For Wallace Mortimer Jones of East Flatbush, making more money meant climbing up just two floors.

He worked as a guard for more than six years in the basement-level loading docks at a Rockefeller Center building, where he earned $7 an hour when he left in 2001.

"It felt kind of unfair to know ... you're doing so much for so little," said Jones, 53.
But now that he has a union security job in the building's lobby, Jones earns $18.79 an hour, plus health insurance and a 401K plan. The real difference isn't the floor he's on, but the union job, he said.
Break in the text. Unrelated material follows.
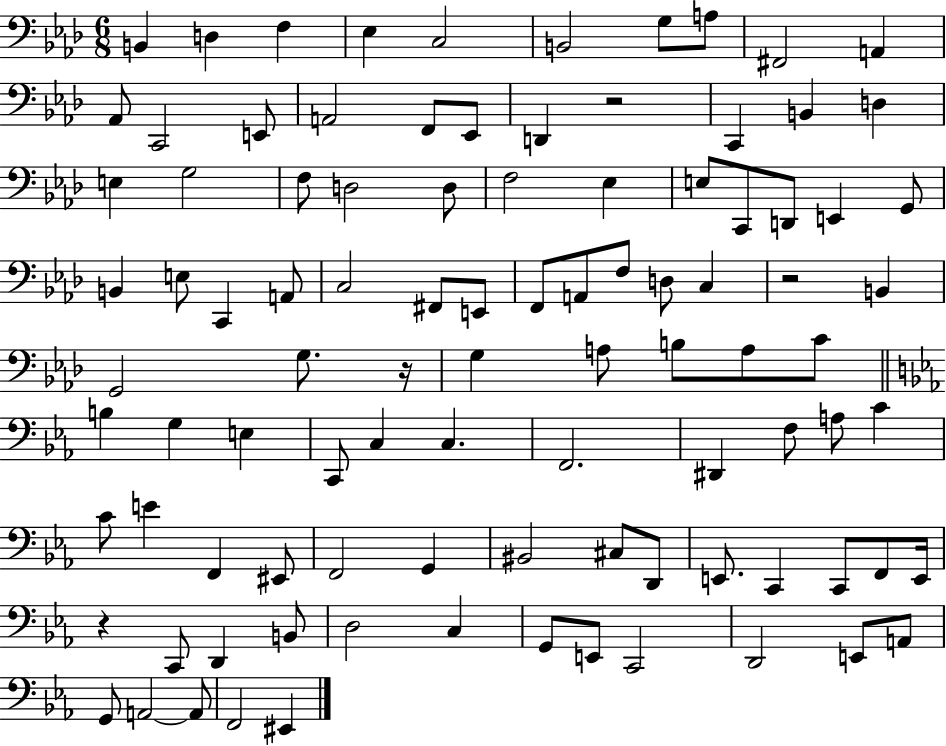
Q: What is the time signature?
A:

Jones' work history illustrates the finding of a report on unions issued for the 40th anniversary of the Rev. Martin Luther King Jr.'s assassination in Memphis, where he had gone not for a civil rights rally, but in support of a sanitation workers' strike.

The Washington, D.C.-based Center for Economic and Policy Research found African-American union workers' wages between 2004 and 2007 were on average 12% higher than nonunion African-Americans' wages.

African-Americans in unions were more likely to have health insurance and have a pension plan, as well, the study said.

"Unions have a proud tradition of helping African-Americans and other ethnic groups climb out of poverty," said Mike Fishman, president of Local 32BJ of the Service Employees International Union, the largest private-sector union in New York City.

Security jobs are dominated by African-American workers, according to union officials, who estimated the metro area has 66,000 security workers, the majority of whom are nonunion.

Jerome Carter, 35, of Bedford-Stuyvesant, didn't have to change jobs to see the difference a union can make at his position, working security at the PATH station in Jersey City's Journal Square.

As a union member, the father of four now makes a better salary - $1.75 an hour more - and gets benefits, he said, allowing him to save for retirement.

"I get respect on the job," Carter said. "My pride has been mended."

For an East Flatbush security guard who didn't want to be named for fear of retribution from his employer, supporting his wife and a 5-year-old child on his nonunion salary is impossible. He brings home about $200 less a month than he pays in rent for a two-bedroom apartment.

He has worked nights as a painter. Right now, he's struggling. "I don't have a second job," he said. "It's very hard."